Nearing a diploma, most college students cannot handle many complex but common tasks, from understanding credit card offers to comparing the cost per ounce of food. Those are the sobering findings of a study of literacy on college campuses, the first to target the skills of students as they approach the start of their careers. More than 50 percent of students at four-year schools and more than 75 percent at two-year colleges lacked the skills to perform complex literacy tasks. That means they could not interpret a table about exercise and blood pressure, understand the arguments of newspaper editorials, compare credit card offers with different interest rates and annual fees or summarize results of a survey about parental involvement in school.
Well, duh. Anyone who can and does read knows by now that you have, at best, a 50-50 chance of having an intelligent conversation with recent college grads. NONE of those "complex literary tasks" listed above are. Complex, that is. Not. One.
But this is no surprise, is it? After all, all the national adult literacy surveys of ther past 15 or so years have shown that America is becoming an illiterate nation. And that 50+% of college grads who can't handle reading and understanding simple documents? I'll bet you at least 90% of pubschool (prisons for kids) administrators are grouped in that class. And how many of those illiterate dunces are "teaching" in our nation's classrooms?
No wonder, given the assault on Western Civilization mounted by Loony Left Moonbats, Mass Media Podpeople ("disinformation for sub- and illiterate sheeple") and their ilk, that people who can't read and comprehend, don't. And so, it's even less wonder that most American's have no idea what the Founders and Framers were up to; have less idea what a wonderous thing was handed to us in the Amwerican State Papers and other founding documents and acts of those early Americans.
It's not just history, folks, it's a wealth of cultural memes and other gifts that are simply not at all available to people glued to their TVs or listening to cRap "music" (or darned near anything "pop-cultural").

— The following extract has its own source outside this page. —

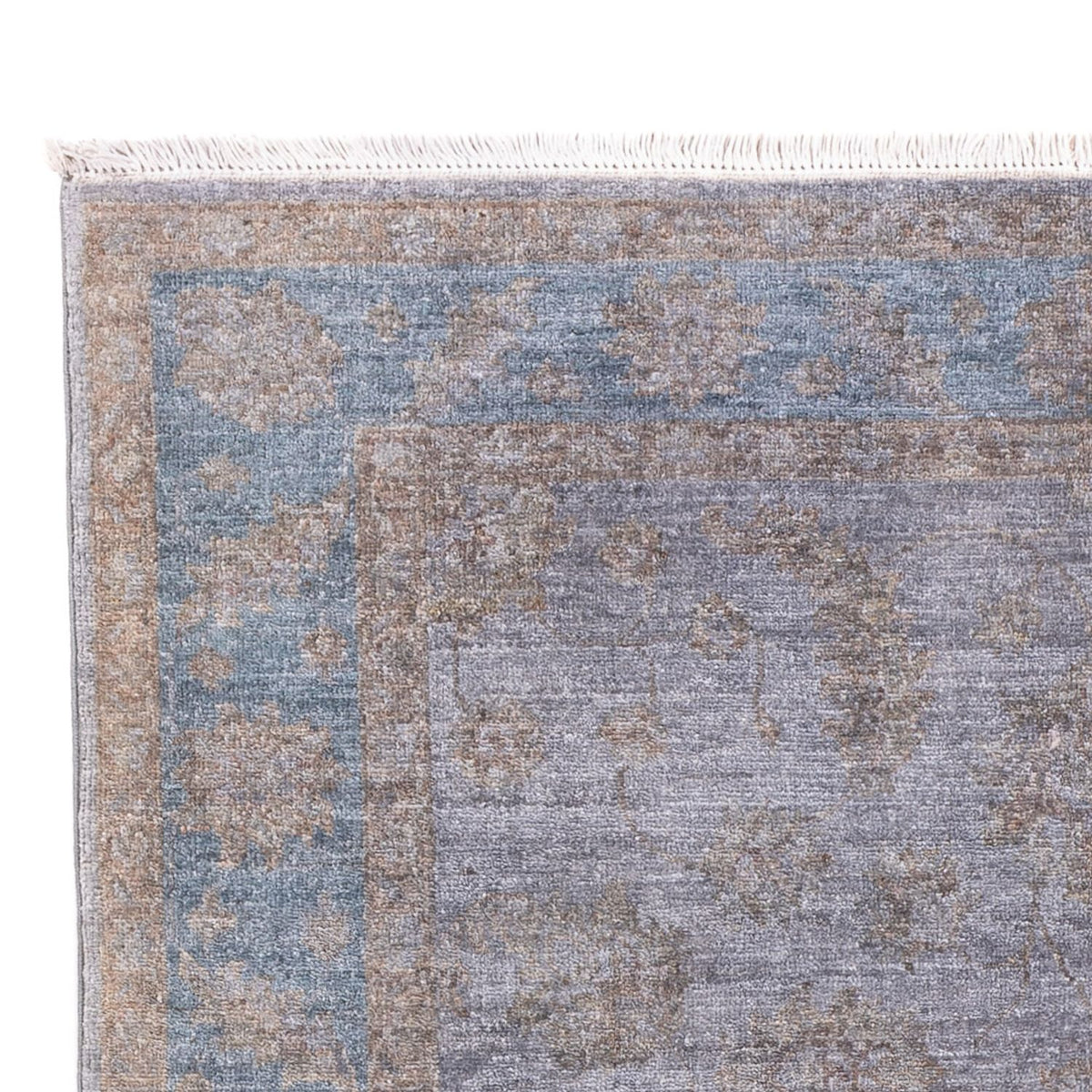 Ziegler Rug - Modern - 176 x 127 cm - grey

Illiterate college grads? Heck, illiterate college profs. Kris, at Anywhere But Here, cites one example. Why do I call a grad class English prof who had no idea what the story the class was assigned (by her) was patterne after "illiterate"? Read the post at Kris' place.

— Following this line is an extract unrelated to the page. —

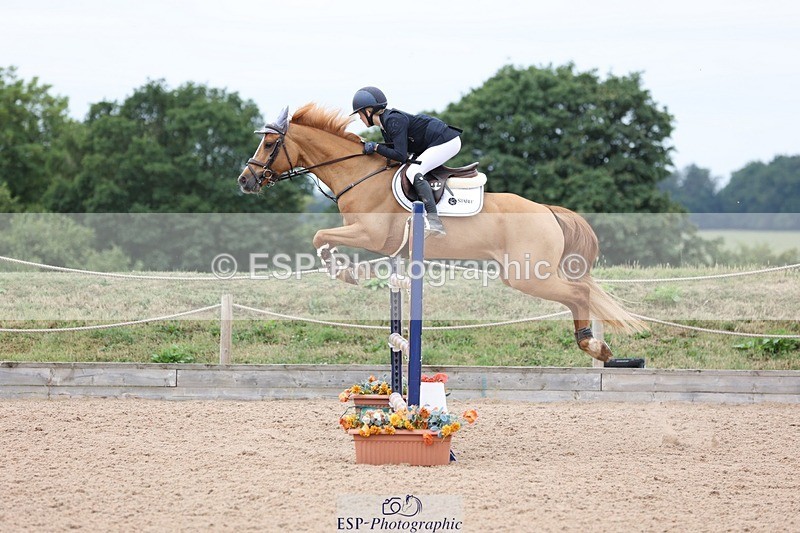 250629-131830-12072 - Cls 28 Pony Foxhunter Jump Offs & Presentations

I have a ton of those myself. My fav is of the head on an English department at a well-respected East Coast university who asked me once if my citation in an (online) argument of "sound and fury, signifying nothing" were a reference to Faulkner. Seriously. This head of a well-respected English department had never read Macbeth.
Let that soak in: head of English department. Had. Never. Read. Macbeth. Or any other Shakespearean work, it turned out...
Second-greatest influence on the English language, and the self-made idiot had never read a word of his work.
Once, simply saying, "Once more unto the breach..." brought a meme into play. Not just the words from Henry V,
Once more unto the breach, dear friends, once more, Or close the wall up with our English dead! In peace there's nothing so becomes a man As modest stillness and humility; But when the blast of war blows in our ears, Then imitate the action of the tiger: Stiffen the sinews, summon up the blood... "Henry V" (5.3.44-51)
But also the history of the conflict behind the play and what importance it had for our own culture and system of government.
You can bet your bottom dollar the Founders knew-and understood-the impact Henry had on England, and what his reign meant in terms of an Englishman's (by extension, all Americans) rights and duties... as well as the proper rights and duties of a reigning monarch.
And I know my grandfather knew, for he explained much of my foundational knowledge of such things to me when I was a child.
But people who cannot read, who cannot follow a line of reasoning, will fall prey to anyone who tickles their ears. Exactly like most of our contrymen today.